Reputation: 97
Compare the values in two columns and extract the values of a third column in a dataframe
df =
Location | teams | goals |
---|---|---|
1 | A | 5 |
1 | B | 6 |
2 | A | 7 |
2 | B | 5 |
2 | C | 6 |
3 | B | 7 |
Expected output df =
Location | A Team | A Team goals | B Team | B Team Goals | C Team | C Team goals |
---|---|---|---|---|---|---|
1 | 1 | 5 | 1 | 6 | 0 | NA |
2 | 1 | 7 | 1 | 5 | 1 | 6 |
3 | 0 | NA | 1 | 7 | 0 | NA |
Upvotes: 2
Views: 100
Reputation: 71689
Reshape the dataframe using pivot to get the goals.

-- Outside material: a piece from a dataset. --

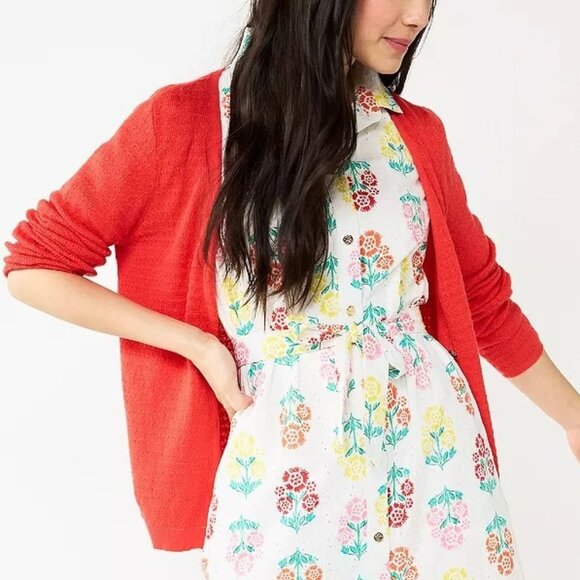 DRAPER JAMES Coral Gold Buttons Stitch Cardigan XS NWT - Picture 2 of 5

Check for the non null values in goals
to identify the teams
then join
to get the result
goals = df.pivot(*df.columns)
teams = s.notna().astype(int)
teams.add_suffix(' Team').join(goals.add_suffix(' Team Goals'))
Result
teams A Team B Team C Team A Team Goals B Team Goals C Team Goals
Location
1 1 1 0 5.0 6.0 NaN
2 1 1 1 7.0 5.0 6.0
3 0 1 0 NaN 7.0 NaN
Upvotes: 1
Reputation: 13212
Example Code
data = {'Location': {0: 1, 1: 1, 2: 2, 3: 2, 4: 2, 5: 3},
'teams': {0: 'A', 1: 'B', 2: 'A', 3: 'B', 4: 'C', 5: 'B'},
'goals': {0: 5, 1: 6, 2: 7, 3: 5, 4: 6, 5: 7}}
df = pd.DataFrame(data)
First
aggregation with groupby
(df.groupby(['Location', 'teams'])['goals'].agg(['count', sum])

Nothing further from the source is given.